LA PAROLA DI PAPA BENEDETTO

a cura di Gian Paolo Cassano

Nell’udienza di mercoledì 1 giugno il Papa ha riflettuto sulla forza della preghiera di intercessione prendendo spunto dall’episodio del “vitello d’oro” raccontato nel Libro dell’Esodo.

Il popolo di Israele, stanco del cammino attraverso il deserto chiede “una presenza tangibile”: si tratta di “una tentazione costante nel cammino di fede: eludere il mistero divino costruendo un dio comprensibile, corrispondente ai propri schemi, ai propri progetti. Quanto avviene al Sinai mostra tutta la stoltezza e l’illusoria vanità di questa pretesa perché, come ironicamente afferma il Salmo 106, ‘scambiarono la loro gloria con la figura di un toro che mangia erba’”.

Benedetto XVI mette poi in rilievo la preghiera di intercessione di Mosè che “rende così operante, dentro la realtà corrotta dell’uomo peccatore, la misericordia divina, che trova voce nella supplica dell’orante e si fa presente attraverso di lui lì dove c’è bisogno di salvezza”.

Il Pontefice si è poi soffermato sugli argomenti che Mosè porta per convincere Dio. “L’opera di salvezza iniziata deve essere completata; se Dio facesse perire il suo popolo, ciò potrebbe essere interpretato come il segno di un’incapacità divina di portare a compimento il progetto di salvezza. Dio non può permettere questo: Egli è il Signore buono che salva, il garante della vita, è il Dio di misericordia e perdono, di liberazione dal peccato che uccide.
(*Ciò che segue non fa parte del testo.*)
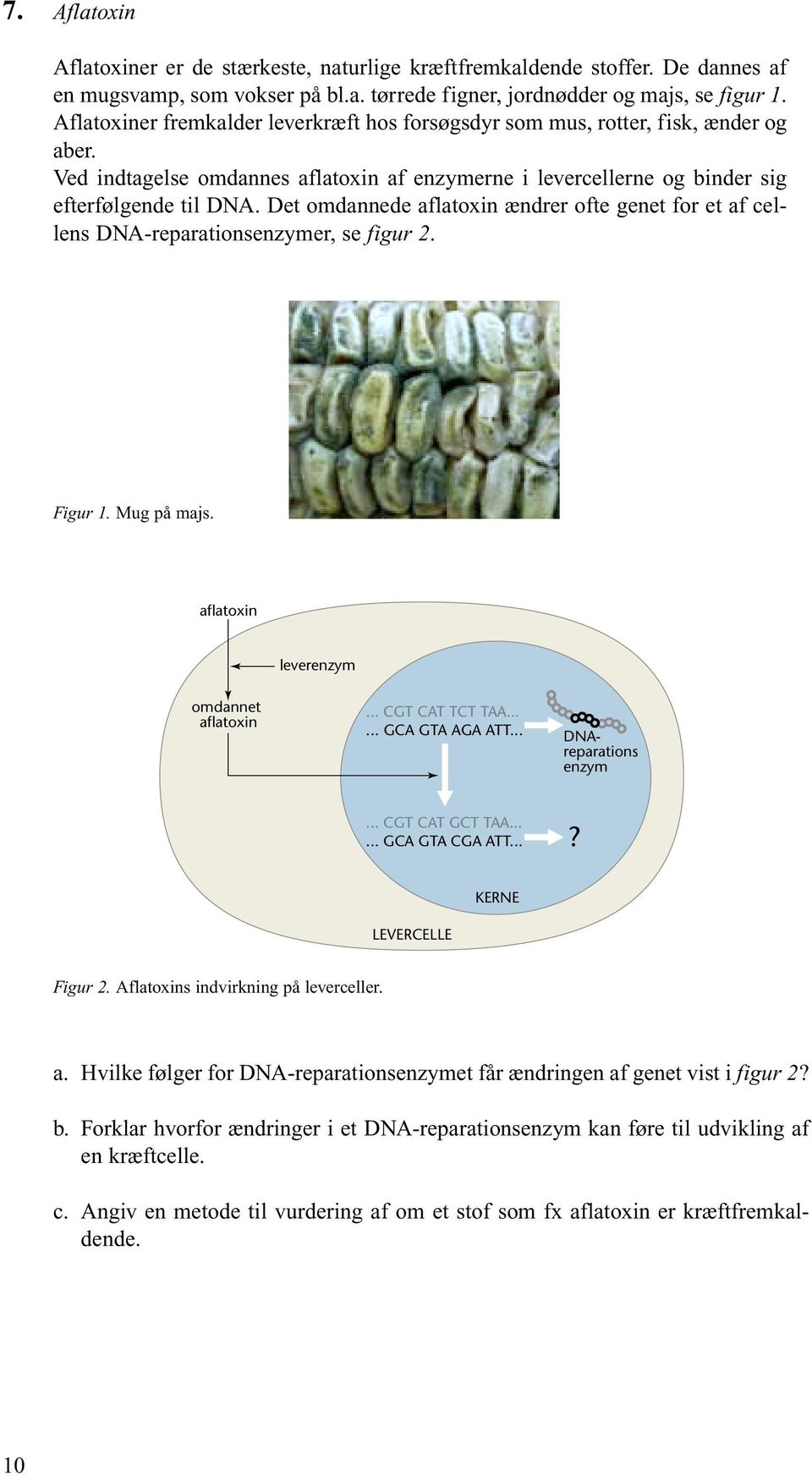 Det omdannede aflatoxin ændrer ofte genet for et af cellens DNA-reparationsenzymer, se figur 2. Figur 1. Mug på majs. aflatoxin leverenzym omdannet aflatoxin... CGT CAT TCT TAA...... GCA GTA AGA ATT.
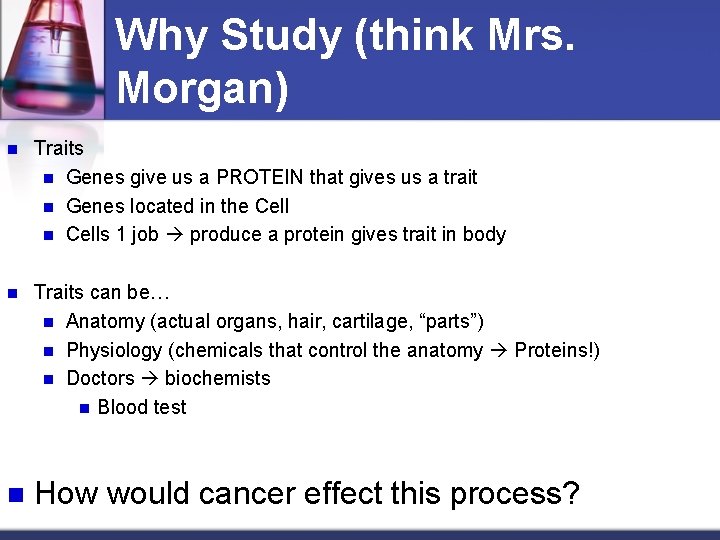 Why Study (think Mrs. Morgan) n Traits n Genes give us a PROTEIN that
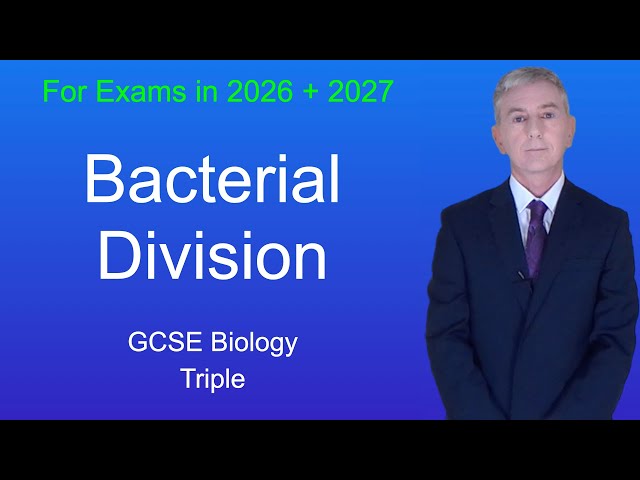GCSE Biology Revision "Bacterial Division" (Triple)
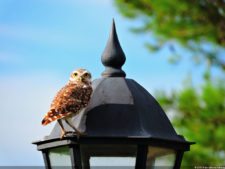 Imágenes de una Edición Memorable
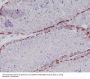 Anti-Caspase-2 CASP2 Rabbit Monoclonal Antibody
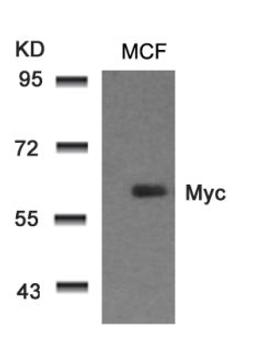 Western blot analysis of lysed extracts from MCF cells using Myc (Ab-58).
E così Mosè fa appello a Dio, alla vita interiore di Dio contro la sentenza esteriore”.

Nel chiedere di perdonare Israele, Mosè “si appella alla fedeltà di Dio … che non cessa di cercare chi si è allontanato, che resta sempre fedele a se stesso e offre al peccatore la possibilità di tornare a Lui e di diventare, con il perdono, giusto e capace di fedeltà”.

Così Mosè facendosi “intercessore per il suo popolo” e offrendo sé stesso, diventa, come hanno visto i Padri della Chiesa “una prefigurazione di Cristo, che sull’alta cima della croce realmente sta davanti a Dio, non solo come amico ma come Figlio.” Portando “tutti noi nel suo corpo … è grido al cuore di Dio, è perdono, ma perdono che trasforma e rinnova”.